TASK STATEMENT |
The material below holds a span beginning at the line with "Caneca Tasse Christmas" and ending at the line with "Ciao Bella Crewneck - White". Quote that span exactly, both ends included, and only that span.

TASK DATA |
----

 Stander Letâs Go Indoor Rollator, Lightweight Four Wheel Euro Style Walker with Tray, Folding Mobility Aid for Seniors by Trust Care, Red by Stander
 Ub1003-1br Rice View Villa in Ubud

----

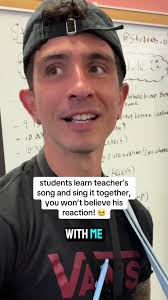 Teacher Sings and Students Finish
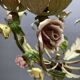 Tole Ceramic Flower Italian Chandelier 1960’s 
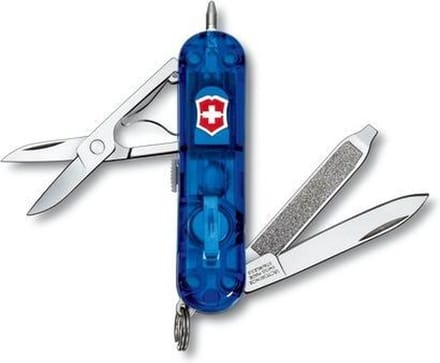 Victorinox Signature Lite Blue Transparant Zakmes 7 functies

----

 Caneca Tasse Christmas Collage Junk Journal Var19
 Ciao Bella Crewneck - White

----

TASK SOLUTION |
 Caneca Tasse Christmas Collage Junk Journal Var19
 Ciao Bella Crewneck - White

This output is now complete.